Pixy frowned. "I thought it might just be some sort of Combat thing. The captain being reticent. Distant, on such a big ship." She'd glanced at him when he was silent. "What?"

"You think this ship is big?"

"Compared to a GP? It's a fucking monster." Jeyne had been on a cruiser last, with six months' temporary duty on a dreadnought.

"It's not uncommon for the crew not to see the captain all that often," he mused. "It's highly unusual for the officers not to see her." Ledecki had made no effort to reach out to Jeyne. "Unthinkable for the captain not to talk to the XO. The word is that Fleet put her way out here so that she could work on her Parcheesi. Which they don't even have on my planet; I had to look it up," he laughed. "The other lieutenants say it was the same with the last XO: he did everything." She went abruptly still in his arms. "What?"

"Don't talk to me about what the lieutenants say about the XO."

He smiled. "You nervous, Pixy?"

This time, when she smacked his balls, her fingers stayed there, tightening until he grunted. "I'm fucking serious," she hissed. "You're warming my bed. You're not here to gossip. It's unhealthy for us to talk about the other officers." She twisted; even now, with an important point to make, she admired the shape and size of his scrotum in her fingers. She knew her hand would smell like his balls when she went on duty. He gasped, beginning to squirm, and she felt something give inside her, the need not to make this man her enemy. "I... I like you, Felix. Don't make me kick you out."

"No, ma'am."

"No more gossip." She twisted some more, and he went pale.

"No, ma'am."

"Good." She swung around, grinding her bare body into his as he gasped her hair in. "Hold me." She'd been on duty for 30 hours, the demands constant, still trying hard to learn all the systems, all the people.

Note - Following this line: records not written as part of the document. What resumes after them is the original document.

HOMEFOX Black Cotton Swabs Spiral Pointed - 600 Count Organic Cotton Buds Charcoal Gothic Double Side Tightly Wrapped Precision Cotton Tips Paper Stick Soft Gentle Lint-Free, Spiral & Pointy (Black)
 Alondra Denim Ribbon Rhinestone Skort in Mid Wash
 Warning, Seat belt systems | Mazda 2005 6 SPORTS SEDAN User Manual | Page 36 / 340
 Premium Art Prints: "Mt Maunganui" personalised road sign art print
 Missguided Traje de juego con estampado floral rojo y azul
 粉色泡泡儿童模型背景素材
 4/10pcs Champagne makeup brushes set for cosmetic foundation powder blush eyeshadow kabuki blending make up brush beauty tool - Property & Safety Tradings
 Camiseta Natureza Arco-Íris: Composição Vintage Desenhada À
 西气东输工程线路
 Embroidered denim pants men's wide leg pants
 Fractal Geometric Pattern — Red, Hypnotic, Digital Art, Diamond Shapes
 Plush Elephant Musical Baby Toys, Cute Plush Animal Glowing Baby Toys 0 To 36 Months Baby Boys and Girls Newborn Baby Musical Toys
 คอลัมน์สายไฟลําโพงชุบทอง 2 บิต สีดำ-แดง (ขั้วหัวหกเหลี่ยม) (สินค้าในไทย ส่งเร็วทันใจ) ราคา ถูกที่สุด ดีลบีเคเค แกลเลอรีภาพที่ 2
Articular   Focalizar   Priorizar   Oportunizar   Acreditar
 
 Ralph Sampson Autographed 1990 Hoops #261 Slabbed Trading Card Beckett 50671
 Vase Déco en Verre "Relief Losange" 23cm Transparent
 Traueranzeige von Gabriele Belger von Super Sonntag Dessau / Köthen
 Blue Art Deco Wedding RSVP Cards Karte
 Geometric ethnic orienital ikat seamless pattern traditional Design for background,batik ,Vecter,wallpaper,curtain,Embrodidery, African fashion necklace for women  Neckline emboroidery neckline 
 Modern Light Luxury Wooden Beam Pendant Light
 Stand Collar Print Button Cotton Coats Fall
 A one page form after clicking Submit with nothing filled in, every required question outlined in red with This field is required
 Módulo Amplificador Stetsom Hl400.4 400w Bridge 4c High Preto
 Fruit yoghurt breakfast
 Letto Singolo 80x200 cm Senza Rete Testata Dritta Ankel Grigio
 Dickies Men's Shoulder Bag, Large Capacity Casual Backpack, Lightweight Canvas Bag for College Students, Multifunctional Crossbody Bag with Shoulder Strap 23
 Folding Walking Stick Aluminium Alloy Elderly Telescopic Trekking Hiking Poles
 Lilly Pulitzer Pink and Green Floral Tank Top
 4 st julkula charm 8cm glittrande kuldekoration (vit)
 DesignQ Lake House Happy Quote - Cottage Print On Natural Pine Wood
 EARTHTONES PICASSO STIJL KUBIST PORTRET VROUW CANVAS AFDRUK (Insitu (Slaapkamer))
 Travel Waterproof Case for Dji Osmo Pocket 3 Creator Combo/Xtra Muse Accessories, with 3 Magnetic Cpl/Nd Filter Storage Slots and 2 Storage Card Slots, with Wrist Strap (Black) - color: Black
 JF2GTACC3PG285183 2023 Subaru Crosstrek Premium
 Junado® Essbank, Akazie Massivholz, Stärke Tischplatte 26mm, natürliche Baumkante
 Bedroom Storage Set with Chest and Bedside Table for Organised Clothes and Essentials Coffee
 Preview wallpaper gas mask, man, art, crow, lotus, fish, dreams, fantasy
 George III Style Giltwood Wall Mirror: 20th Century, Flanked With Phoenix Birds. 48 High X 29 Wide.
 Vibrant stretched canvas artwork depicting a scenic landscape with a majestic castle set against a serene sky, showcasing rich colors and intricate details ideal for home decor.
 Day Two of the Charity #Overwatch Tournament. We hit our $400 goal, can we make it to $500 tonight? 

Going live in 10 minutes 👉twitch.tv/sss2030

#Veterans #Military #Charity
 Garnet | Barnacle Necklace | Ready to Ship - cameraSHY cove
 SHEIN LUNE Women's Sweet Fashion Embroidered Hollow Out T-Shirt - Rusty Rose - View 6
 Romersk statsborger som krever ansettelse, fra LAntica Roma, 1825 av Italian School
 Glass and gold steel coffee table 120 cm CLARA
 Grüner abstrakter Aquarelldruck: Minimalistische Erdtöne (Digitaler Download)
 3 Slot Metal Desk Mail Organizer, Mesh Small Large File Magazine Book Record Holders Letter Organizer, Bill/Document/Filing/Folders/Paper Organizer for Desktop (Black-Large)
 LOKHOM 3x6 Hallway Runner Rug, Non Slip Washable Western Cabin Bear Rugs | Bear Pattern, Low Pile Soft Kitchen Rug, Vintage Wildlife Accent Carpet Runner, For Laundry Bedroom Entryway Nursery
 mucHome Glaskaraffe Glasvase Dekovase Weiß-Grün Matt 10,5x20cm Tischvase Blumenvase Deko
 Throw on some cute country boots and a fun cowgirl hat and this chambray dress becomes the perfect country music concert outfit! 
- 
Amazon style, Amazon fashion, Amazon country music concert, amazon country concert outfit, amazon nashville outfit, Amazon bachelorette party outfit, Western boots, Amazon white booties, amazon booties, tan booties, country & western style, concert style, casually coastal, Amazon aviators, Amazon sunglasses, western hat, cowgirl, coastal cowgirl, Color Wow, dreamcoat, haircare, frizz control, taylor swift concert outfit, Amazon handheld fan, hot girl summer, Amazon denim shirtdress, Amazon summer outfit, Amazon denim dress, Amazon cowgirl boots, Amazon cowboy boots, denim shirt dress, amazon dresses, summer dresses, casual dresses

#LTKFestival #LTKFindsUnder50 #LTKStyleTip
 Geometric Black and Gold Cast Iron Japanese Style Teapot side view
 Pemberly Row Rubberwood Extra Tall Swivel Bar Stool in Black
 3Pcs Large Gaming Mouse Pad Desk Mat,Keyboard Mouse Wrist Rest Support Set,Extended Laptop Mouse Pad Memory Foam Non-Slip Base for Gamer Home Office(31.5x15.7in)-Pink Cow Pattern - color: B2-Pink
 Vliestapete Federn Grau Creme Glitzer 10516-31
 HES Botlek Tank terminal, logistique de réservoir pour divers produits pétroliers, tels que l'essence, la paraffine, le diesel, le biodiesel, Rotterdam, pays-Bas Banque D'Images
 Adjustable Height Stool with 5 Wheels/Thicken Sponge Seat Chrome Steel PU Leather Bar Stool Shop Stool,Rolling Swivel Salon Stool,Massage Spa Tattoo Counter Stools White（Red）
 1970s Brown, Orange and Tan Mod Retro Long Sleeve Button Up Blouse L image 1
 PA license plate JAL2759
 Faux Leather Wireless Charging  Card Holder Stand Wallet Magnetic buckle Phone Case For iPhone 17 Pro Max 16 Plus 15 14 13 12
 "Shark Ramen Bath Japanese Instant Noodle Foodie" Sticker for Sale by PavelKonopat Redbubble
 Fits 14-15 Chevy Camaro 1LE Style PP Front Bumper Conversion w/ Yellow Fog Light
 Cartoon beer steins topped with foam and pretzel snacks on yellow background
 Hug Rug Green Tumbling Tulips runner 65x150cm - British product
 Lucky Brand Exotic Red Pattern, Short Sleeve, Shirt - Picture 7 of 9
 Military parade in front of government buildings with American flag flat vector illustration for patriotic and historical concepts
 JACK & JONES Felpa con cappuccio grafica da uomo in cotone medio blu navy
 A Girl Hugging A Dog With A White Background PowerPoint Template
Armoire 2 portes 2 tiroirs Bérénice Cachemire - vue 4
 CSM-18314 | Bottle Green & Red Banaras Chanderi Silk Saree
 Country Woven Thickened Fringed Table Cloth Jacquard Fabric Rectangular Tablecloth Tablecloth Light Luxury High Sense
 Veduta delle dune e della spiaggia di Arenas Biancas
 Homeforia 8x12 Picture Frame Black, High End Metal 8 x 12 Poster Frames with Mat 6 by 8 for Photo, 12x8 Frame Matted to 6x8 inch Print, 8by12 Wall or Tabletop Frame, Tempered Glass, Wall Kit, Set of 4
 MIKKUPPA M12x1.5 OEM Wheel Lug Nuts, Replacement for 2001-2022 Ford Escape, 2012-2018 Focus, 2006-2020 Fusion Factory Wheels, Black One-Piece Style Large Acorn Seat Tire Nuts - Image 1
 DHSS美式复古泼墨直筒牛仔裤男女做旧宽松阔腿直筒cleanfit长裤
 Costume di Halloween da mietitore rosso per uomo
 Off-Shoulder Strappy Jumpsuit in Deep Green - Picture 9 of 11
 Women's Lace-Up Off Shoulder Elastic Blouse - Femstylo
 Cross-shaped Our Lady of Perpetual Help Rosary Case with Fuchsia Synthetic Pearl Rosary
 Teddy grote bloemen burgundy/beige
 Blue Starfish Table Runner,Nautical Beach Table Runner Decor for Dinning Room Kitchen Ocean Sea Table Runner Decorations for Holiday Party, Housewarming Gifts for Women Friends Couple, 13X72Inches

The systems! Service ships had redundant systems, obviously; every spacecraft did, and the crew drilled so that they'd know what to do in an emergency. The problem with that mindset was that this was a Combat ship, where "in an emergency" was the default setting: a Service ship was supposed to be able to take damage and save the crew until you could get to a repair basin. A Combat ship was supposed to take damage and keep functioning at 100%.

Which required shunting. Lots and lots of shunting. You had to know that the paravane system and the solar-flare detectors ran alongside each other down the starboard side, so that when the Cathos Vremein rammed a disruptor into the port paravane, you could still control it by shunting the flare detectors, which meant a damage control party had to be sent to the right junction. The systems guy needed to know where that junction was.